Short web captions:
================

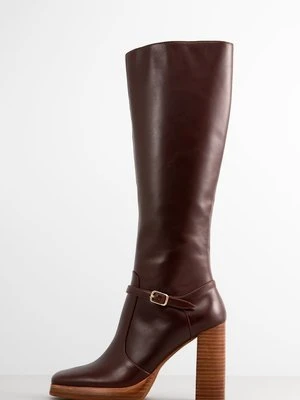 Kozaki na platformie Jeffrey Campbell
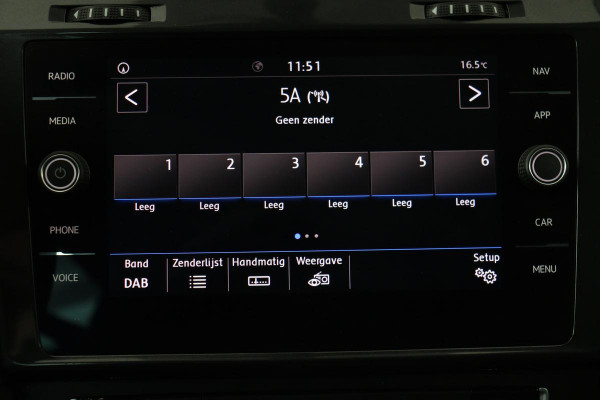 Volkswagen Golf 1.6 TDI Comfortline | Trekhaak | Carplay | Adaptive cruise | Navigatie | Climate control | Parkeerhulp | LED | Bluetooth | Regen-/lichtsensor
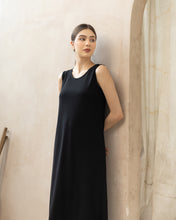 Load image into Gallery viewer, Maria Two-Way Dress - Black
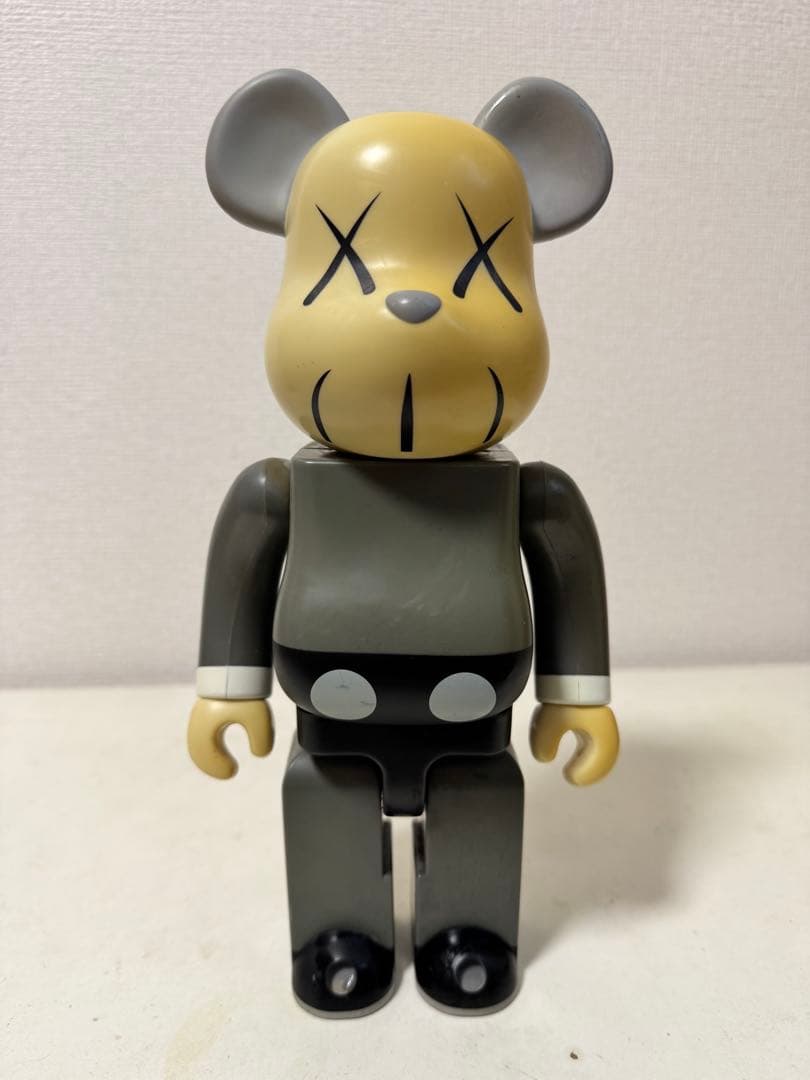正規品　KAWS BE@BRICK ベアブリック 400% カウズ 楽天市場】KAWS カウズ ×MEDICOM TOY BE＠RBRICK 400% COMPANION 人体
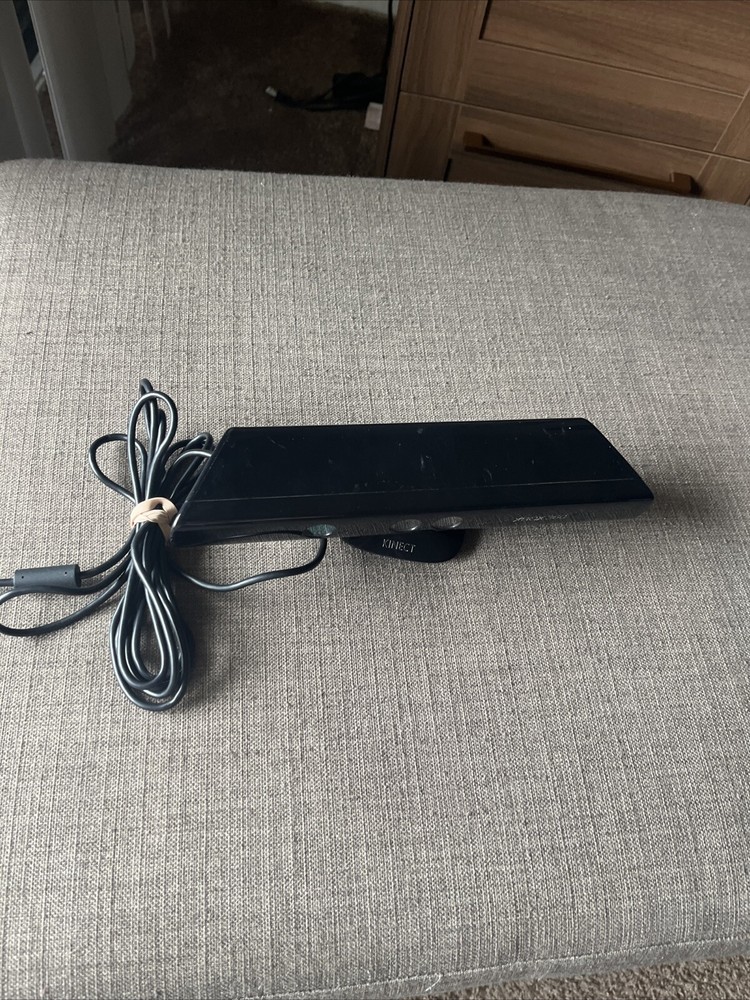 Official Microsoft Xbox 360 Kinect Motion Sensor Bar! ~ Works Great! Fast Ship!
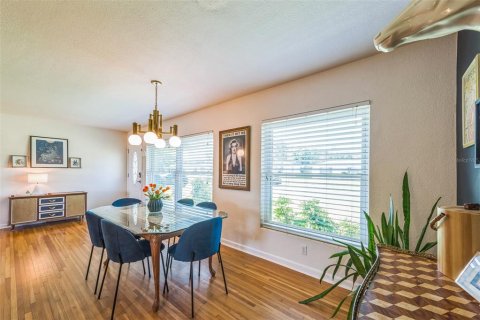 House in Clearwater, Florida 2 bedrooms, 124.21 sq.m. № 1774900 - photo 12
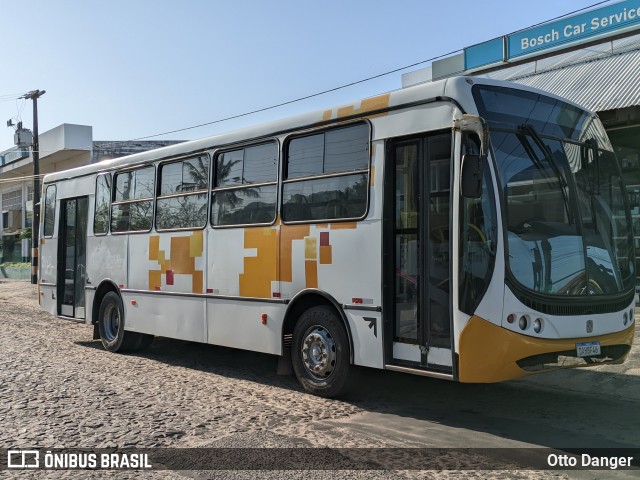Ônibus Particulares 46 na cidade de Parnaíba, Piauí, Brasil, por Otto Danger. Número da foto: #12461402.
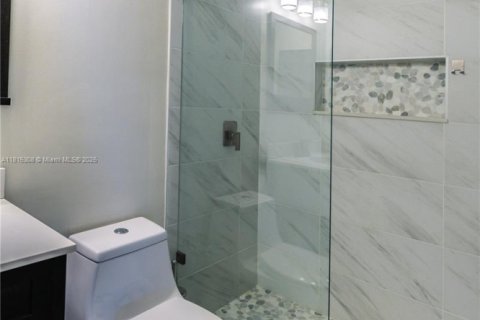 House in Weston, Florida 3 bedrooms, 151.24 sq.m. № 1766860 - photo 26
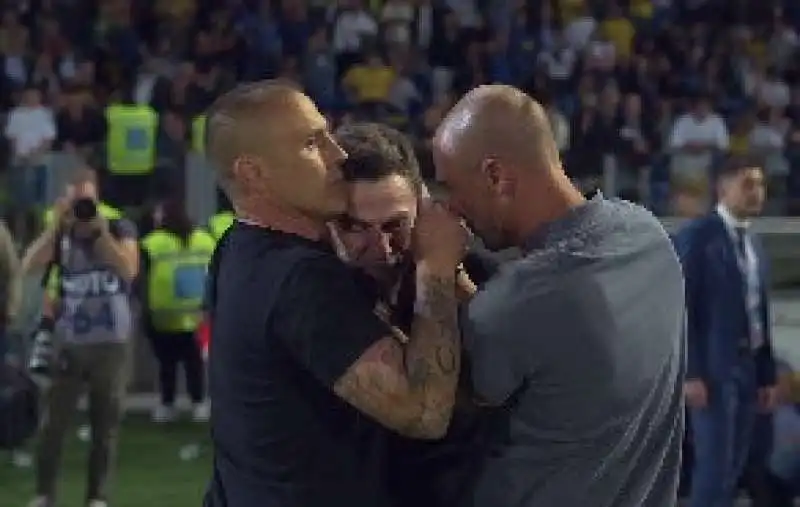 i fratelli cannavaro consolano eusebio di francesco dopo la retrocessione del frosinone 1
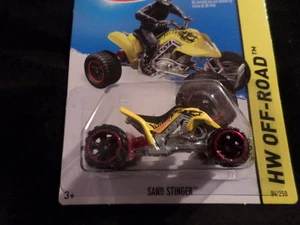 HW HOT WHEELS 2015 HW OFF-ROAD #84/250 SAND STINGER 4 WHEELER HOTWHEELS YLLW - Imagen 1 de 1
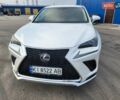 Белый Лексус НХ, объемом двигателя 2 л и пробегом 60 тыс. км за 28900 $, фото 1 на Automoto.ua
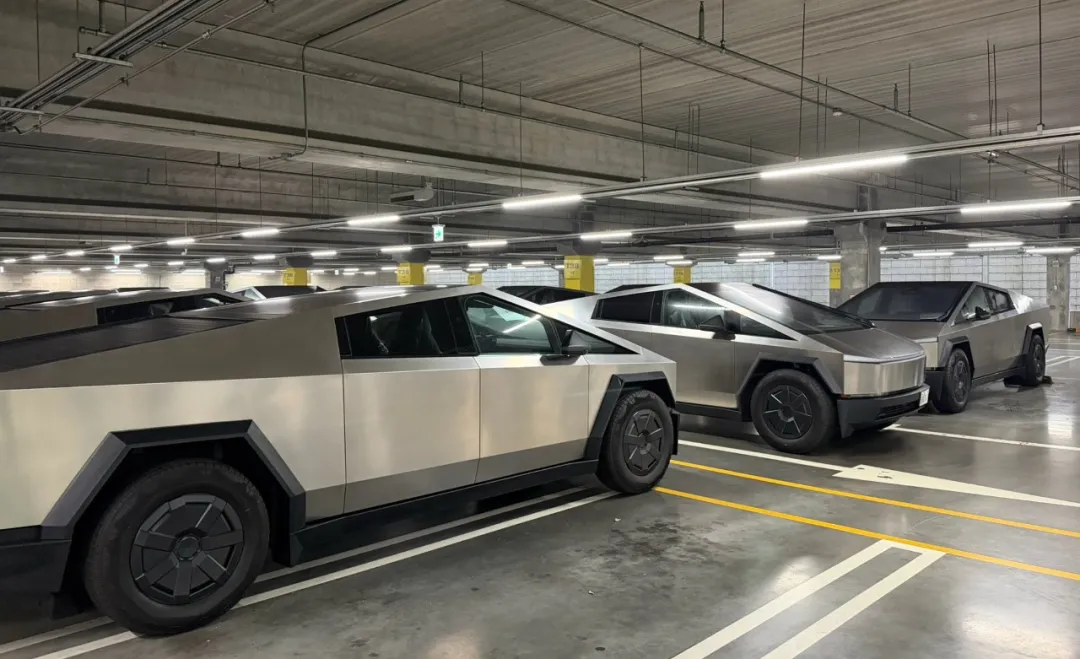 马斯克评英伟达纯视觉自动驾驶系统Alpamayo：达到99%很容易，解决长尾问题超级难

================

Instructions to follow – Retype, exactly as written, each line from the one containing "House in Weston, Florida" through the end of the data above, and leave out every picture.

Solution to this task –
 House in Weston, Florida 3 bedrooms, 151.24 sq.m. № 1766860 - photo 26
 i fratelli cannavaro consolano eusebio di francesco dopo la retrocessione del frosinone 1
 HW HOT WHEELS 2015 HW OFF-ROAD #84/250 SAND STINGER 4 WHEELER HOTWHEELS YLLW - Imagen 1 de 1
 Белый Лексус НХ, объемом двигателя 2 л и пробегом 60 тыс. км за 28900 $, фото 1 на Automoto.ua
 马斯克评英伟达纯视觉自动驾驶系统Alpamayo：达到99%很容易，解决长尾问题超级难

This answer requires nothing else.